# Problem statement
In the listing that follows, the range to quote begins at the line that has "Oia, traditional greek" and ends after the line that has "Lächelnde Frau vor einem hellen Hintergrund."; quote it verbatim and add nothing.

# Provided entries
- - - - -
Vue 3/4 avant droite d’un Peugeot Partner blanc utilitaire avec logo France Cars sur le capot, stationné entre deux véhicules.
- - - - -
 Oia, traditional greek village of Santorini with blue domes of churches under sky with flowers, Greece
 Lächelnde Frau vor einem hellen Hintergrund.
- - - - -
# Exercise response
 Oia, traditional greek village of Santorini with blue domes of churches under sky with flowers, Greece
 Lächelnde Frau vor einem hellen Hintergrund.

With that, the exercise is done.